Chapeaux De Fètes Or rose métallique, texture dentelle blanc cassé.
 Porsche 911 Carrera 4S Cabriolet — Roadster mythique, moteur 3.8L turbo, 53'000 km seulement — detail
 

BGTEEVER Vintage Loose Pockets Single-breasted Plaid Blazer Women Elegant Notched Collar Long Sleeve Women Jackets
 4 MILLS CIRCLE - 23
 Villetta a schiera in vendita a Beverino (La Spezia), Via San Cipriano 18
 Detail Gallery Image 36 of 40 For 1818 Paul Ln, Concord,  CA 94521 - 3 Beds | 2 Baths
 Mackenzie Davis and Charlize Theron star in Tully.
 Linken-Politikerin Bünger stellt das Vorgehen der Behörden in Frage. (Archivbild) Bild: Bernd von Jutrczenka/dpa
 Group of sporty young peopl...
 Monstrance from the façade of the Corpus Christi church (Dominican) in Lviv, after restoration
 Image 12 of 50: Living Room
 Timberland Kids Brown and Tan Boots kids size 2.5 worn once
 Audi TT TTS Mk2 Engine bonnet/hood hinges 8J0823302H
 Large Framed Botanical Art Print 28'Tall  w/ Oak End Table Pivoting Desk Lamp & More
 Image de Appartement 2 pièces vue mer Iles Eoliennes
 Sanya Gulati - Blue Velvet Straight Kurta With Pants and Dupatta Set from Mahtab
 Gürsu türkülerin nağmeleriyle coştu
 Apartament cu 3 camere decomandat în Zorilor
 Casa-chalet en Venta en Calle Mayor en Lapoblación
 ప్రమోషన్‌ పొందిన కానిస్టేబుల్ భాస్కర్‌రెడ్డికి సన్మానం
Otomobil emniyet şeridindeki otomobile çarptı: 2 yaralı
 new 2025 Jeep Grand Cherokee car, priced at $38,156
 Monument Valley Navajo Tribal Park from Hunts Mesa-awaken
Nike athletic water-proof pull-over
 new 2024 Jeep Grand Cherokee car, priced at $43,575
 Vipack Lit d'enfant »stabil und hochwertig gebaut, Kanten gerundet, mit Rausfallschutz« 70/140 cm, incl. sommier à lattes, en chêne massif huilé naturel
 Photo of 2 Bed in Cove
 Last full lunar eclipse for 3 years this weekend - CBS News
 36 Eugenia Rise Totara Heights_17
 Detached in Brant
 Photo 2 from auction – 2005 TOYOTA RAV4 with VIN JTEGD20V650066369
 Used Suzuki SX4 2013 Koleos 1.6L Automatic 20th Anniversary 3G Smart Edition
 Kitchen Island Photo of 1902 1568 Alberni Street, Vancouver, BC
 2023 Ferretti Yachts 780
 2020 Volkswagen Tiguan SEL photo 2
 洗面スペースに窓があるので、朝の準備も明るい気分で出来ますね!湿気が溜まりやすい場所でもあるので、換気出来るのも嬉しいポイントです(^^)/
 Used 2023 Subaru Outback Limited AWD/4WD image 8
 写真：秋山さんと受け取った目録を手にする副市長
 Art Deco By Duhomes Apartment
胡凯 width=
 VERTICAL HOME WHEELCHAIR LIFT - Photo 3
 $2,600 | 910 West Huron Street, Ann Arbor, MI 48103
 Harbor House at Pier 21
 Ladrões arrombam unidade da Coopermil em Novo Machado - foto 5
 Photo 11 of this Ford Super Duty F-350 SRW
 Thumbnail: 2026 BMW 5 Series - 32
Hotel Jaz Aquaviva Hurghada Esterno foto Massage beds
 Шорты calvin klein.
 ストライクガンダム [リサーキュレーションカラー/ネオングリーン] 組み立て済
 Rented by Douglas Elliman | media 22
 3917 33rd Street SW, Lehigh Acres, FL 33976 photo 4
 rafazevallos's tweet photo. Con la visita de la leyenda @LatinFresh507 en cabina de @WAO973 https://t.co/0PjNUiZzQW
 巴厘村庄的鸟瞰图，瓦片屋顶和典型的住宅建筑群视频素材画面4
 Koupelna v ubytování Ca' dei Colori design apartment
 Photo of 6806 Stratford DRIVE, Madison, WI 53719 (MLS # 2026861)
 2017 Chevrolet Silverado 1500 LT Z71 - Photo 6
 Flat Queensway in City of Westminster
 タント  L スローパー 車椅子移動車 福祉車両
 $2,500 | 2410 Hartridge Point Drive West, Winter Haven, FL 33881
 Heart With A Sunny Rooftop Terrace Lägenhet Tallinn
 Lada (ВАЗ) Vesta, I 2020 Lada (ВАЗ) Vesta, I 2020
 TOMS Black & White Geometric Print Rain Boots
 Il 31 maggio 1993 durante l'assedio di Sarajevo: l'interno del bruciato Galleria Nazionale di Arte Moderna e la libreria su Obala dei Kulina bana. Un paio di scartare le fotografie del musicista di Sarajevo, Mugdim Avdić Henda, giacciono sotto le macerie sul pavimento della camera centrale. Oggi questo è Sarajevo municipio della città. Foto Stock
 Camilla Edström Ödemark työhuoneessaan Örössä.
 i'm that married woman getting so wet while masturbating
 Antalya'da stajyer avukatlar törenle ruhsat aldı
....................
▸ **ASSIGNMENT**
What you write must be the entries restated word for word, from the opening line through the one holding "写真：秋山さんと受け取った目録を手にする副市長", with nothing else.

▸ **OUTPUT OF THE EXERCISE**
Chapeaux De Fètes Or rose métallique, texture dentelle blanc cassé.
 Porsche 911 Carrera 4S Cabriolet — Roadster mythique, moteur 3.8L turbo, 53'000 km seulement — detail
 

BGTEEVER Vintage Loose Pockets Single-breasted Plaid Blazer Women Elegant Notched Collar Long Sleeve Women Jackets
 4 MILLS CIRCLE - 23
 Villetta a schiera in vendita a Beverino (La Spezia), Via San Cipriano 18
 Detail Gallery Image 36 of 40 For 1818 Paul Ln, Concord,  CA 94521 - 3 Beds | 2 Baths
 Mackenzie Davis and Charlize Theron star in Tully.
 Linken-Politikerin Bünger stellt das Vorgehen der Behörden in Frage. (Archivbild) Bild: Bernd von Jutrczenka/dpa
 Group of sporty young peopl...
 Monstrance from the façade of the Corpus Christi church (Dominican) in Lviv, after restoration
 Image 12 of 50: Living Room
 Timberland Kids Brown and Tan Boots kids size 2.5 worn once
 Audi TT TTS Mk2 Engine bonnet/hood hinges 8J0823302H
 Large Framed Botanical Art Print 28'Tall  w/ Oak End Table Pivoting Desk Lamp & More
 Image de Appartement 2 pièces vue mer Iles Eoliennes
 Sanya Gulati - Blue Velvet Straight Kurta With Pants and Dupatta Set from Mahtab
 Gürsu türkülerin nağmeleriyle coştu
 Apartament cu 3 camere decomandat în Zorilor
 Casa-chalet en Venta en Calle Mayor en Lapoblación
 ప్రమోషన్‌ పొందిన కానిస్టేబుల్ భాస్కర్‌రెడ్డికి సన్మానం
Otomobil emniyet şeridindeki otomobile çarptı: 2 yaralı
 new 2025 Jeep Grand Cherokee car, priced at $38,156
 Monument Valley Navajo Tribal Park from Hunts Mesa-awaken
Nike athletic water-proof pull-over
 new 2024 Jeep Grand Cherokee car, priced at $43,575
 Vipack Lit d'enfant »stabil und hochwertig gebaut, Kanten gerundet, mit Rausfallschutz« 70/140 cm, incl. sommier à lattes, en chêne massif huilé naturel
 Photo of 2 Bed in Cove
 Last full lunar eclipse for 3 years this weekend - CBS News
 36 Eugenia Rise Totara Heights_17
 Detached in Brant
 Photo 2 from auction – 2005 TOYOTA RAV4 with VIN JTEGD20V650066369
 Used Suzuki SX4 2013 Koleos 1.6L Automatic 20th Anniversary 3G Smart Edition
 Kitchen Island Photo of 1902 1568 Alberni Street, Vancouver, BC
 2023 Ferretti Yachts 780
 2020 Volkswagen Tiguan SEL photo 2
 洗面スペースに窓があるので、朝の準備も明るい気分で出来ますね!湿気が溜まりやすい場所でもあるので、換気出来るのも嬉しいポイントです(^^)/
 Used 2023 Subaru Outback Limited AWD/4WD image 8
 写真：秋山さんと受け取った目録を手にする副市長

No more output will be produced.